# Cobia



## QBALL (Jun 26, 2014)

Huntsman and i went down to NORFOLK to do some Cobia fishing again and we were not disappointed. we had great weather, no wind and plenty of fish! we had a our first fish on board 20 minutes after leaving the dock.20 minutes after that and Huntsman pulled in a whopper at 45" and earned himself a a citation. then about a half hour later it was my turn and i was battling a fish that didnt want to be caught. about 25 yds out i caught a glimpse of him as he leaped out the water. This fish was HUGE! After fighting him to the side of the boat a couple times i wore him out enough to get him netted and on deck. all i could say was OMG!!! This was the biggest fish id ever seen alive and definitely the biggest i ever caught. we couldnt weigh him on the deck because he maxed out the scale on the boat. once we got back to the dock he weighed in at 74 lbs and 56" A MONSTER FISH!! I EARNED MYSELF A CITATION  6/11/16 was a day fishing that you dream about and we lived it!!!


----------



## catman (May 28, 2001)

Now that's what I'm talkin' 'bout. Sign me up.


----------



## Lipyourown (May 11, 2005)

Good night Irene! What a fish. Congrats. Be honest, how much help did you need to give huntsman to reel his in?


----------



## 1BadF350 (Jul 19, 2006)

Good God Man!!!! Nice fish Q!!


----------



## fish-on (May 12, 2002)

Awesome!!! and nice shirt...HTTR!


----------



## cocoflea (Aug 1, 2002)

Nice fish thanks for sharing


----------



## akhan (Mar 17, 2011)

Its a COW bruv! bettin that you are set for the next few weeks for good dinner!


----------



## KAYO (Jun 21, 2002)

Quite a catch!!! 
Thanks for the report.


----------



## ncdead (Jun 16, 2015)

Great fish....nice work!!


----------



## andypat (Jan 7, 2004)

Holy Crap!! What a cobia. Largest one I have ever seen. I bet you were shaking after landing that one. Great Picture too.


----------



## Hueski (Feb 5, 2012)

Nice catch Q, hell of a catch


----------



## Stinky_Pete (Mar 28, 2011)

Holy cow!!!!!


----------



## QBALL (Jun 26, 2014)

Lol @ Lipyourown &#55357;&#56834;&#55357;&#56834;&#55357;&#56834;&#55357;&#56834;
Thanks fellas!


----------



## TunaFish (Aug 16, 2001)

Too much excitement and I missed this? Nice fish man!!! Congrats.


----------



## crappie410 (Jun 5, 2015)

WOW now that is a beauty of a cobia great job


----------



## Thrifty Angler (May 5, 2002)

Just popped over to say congrats to you QBALL and also to Huntsman. 
Heading back to my forum of residence now. Don't want to seem like an invasive species. 
BTW: I'm curious about one thing. Why in the world did I have to come over to the MD board to read
about a fish that were caught in Va waters? Oh no...I'm probably now seen as a invasive species.


----------



## QBALL (Jun 26, 2014)

thrifty angler said:


> just popped over to say congrats to you qball and also to huntsman.
> Heading back to my forum of residence now. Don't want to seem like an invasive species.
> Btw: I'm curious about one thing. Why in the world did i have to come over to the md board to read
> about a fish that were caught in va waters? Oh no...i'm probably now seen as a invasive species.

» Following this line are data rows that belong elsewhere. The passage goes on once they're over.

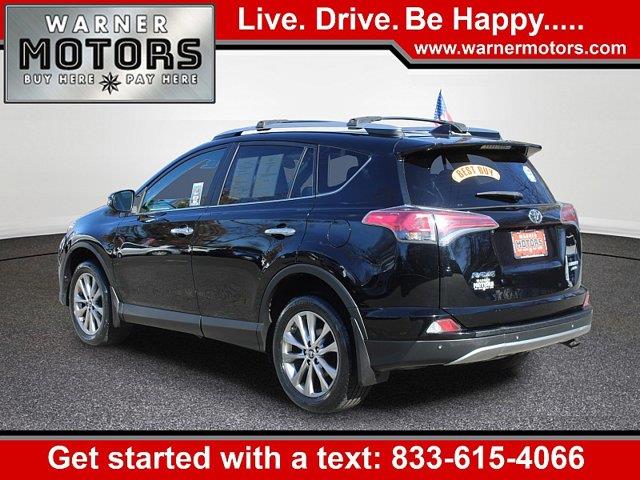 2017 Toyota RAV4 - $15,989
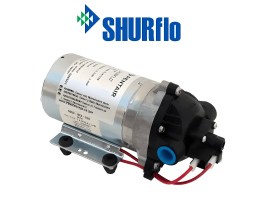 Bomba de agua de superficie Shurflo 8000-953-238 (24V) | Damia Solar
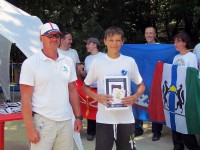 метание ножей, ,Фотографии с Чемпионата России, проходившего под Новороссийском 15-21 июля 2013 года 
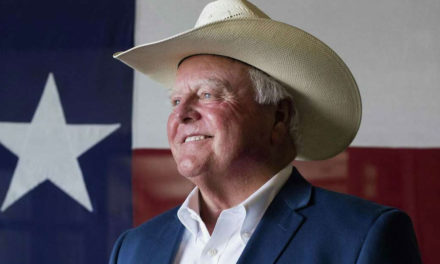 Sid Miller’s Dress Code: “Professional and Respectful Work Attire”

thanks. Im a marylander so i posted it to my home board so my friends could see it. I dont post much on the va board.


----------



## surfnsam (Apr 28, 2008)

Nice catch!! Defiantly one to be proud of.


----------



## Huntsman (Mar 6, 2003)

Lipyourown said:


> Good night Irene! What a fish. Congrats. Be honest, how much help did you need to give huntsman to reel his in?


Always gonna hate...I still have those papers&#55357;&#56834;&#55357;&#56834;&#55357;&#56834;&#55357;&#56834;


----------



## Fishbreath (Nov 11, 2004)

@ Huntsman --- Brian, you gonna put up with that from Matt???  Hope all is well with you man! Congrats on the feesh!!!


----------



## QBALL (Jun 26, 2014)

Fishbreath said:


> @ Huntsman --- Brian, you gonna put up with that from Matt???  Hope all is well with you man! Congrats on the feesh!!!


opcorn:


----------



## Huntsman (Mar 6, 2003)

Fishbreath said:


> @ Huntsman --- Brian, you gonna put up with that from Matt???  Hope all is well with you man! Congrats on the feesh!!!


Lmbo Mil....he knows about them papers as well as Qball. Inside comedy I presume thats why there has been no reply


----------



## Huntsman (Mar 6, 2003)

Here ya go


----------



## Lipyourown (May 11, 2005)

Awesome fish Brian. I wish I could get a fillet. Let me know when you want to fish md again, was there any cherry Gatorade chumming?


----------



## Huntsman (Mar 6, 2003)

Lipyourown said:


> Awesome fish Brian. I wish I could get a fillet. Let me know when you want to fish md again, was there any cherry Gatorade chumming?


Lmbo....no qatorade explosion since that trip...he's been mindful of what he consumes before we roll.... And I have some Cobia vacuum packed, it's not in fillet form, but let me know and I'll get it to you. Bout time for them spot to arrive...livelining would be great...


----------



## QBALL (Jun 26, 2014)

Lipyourown said:


> Awesome fish Brian. I wish I could get a fillet. Let me know when you want to fish md again, was there any cherry Gatorade chumming?


red red wiiiiiiiiine @ lipyourown


----------



## Huntsman (Mar 6, 2003)

QBALL said:


> red red wiiiiiiiiine @ lipyourown


Ctfu....it was redrum redrum..


----------



## Big Rad (May 19, 2003)

great catches by both guys! Hey B, you done gone ghost on a brother?


----------



## Huntsman (Mar 6, 2003)

Yo, M.Rad my bad been working and not fishing. And now the heat is on.....U been to the Point or Teague lately?


----------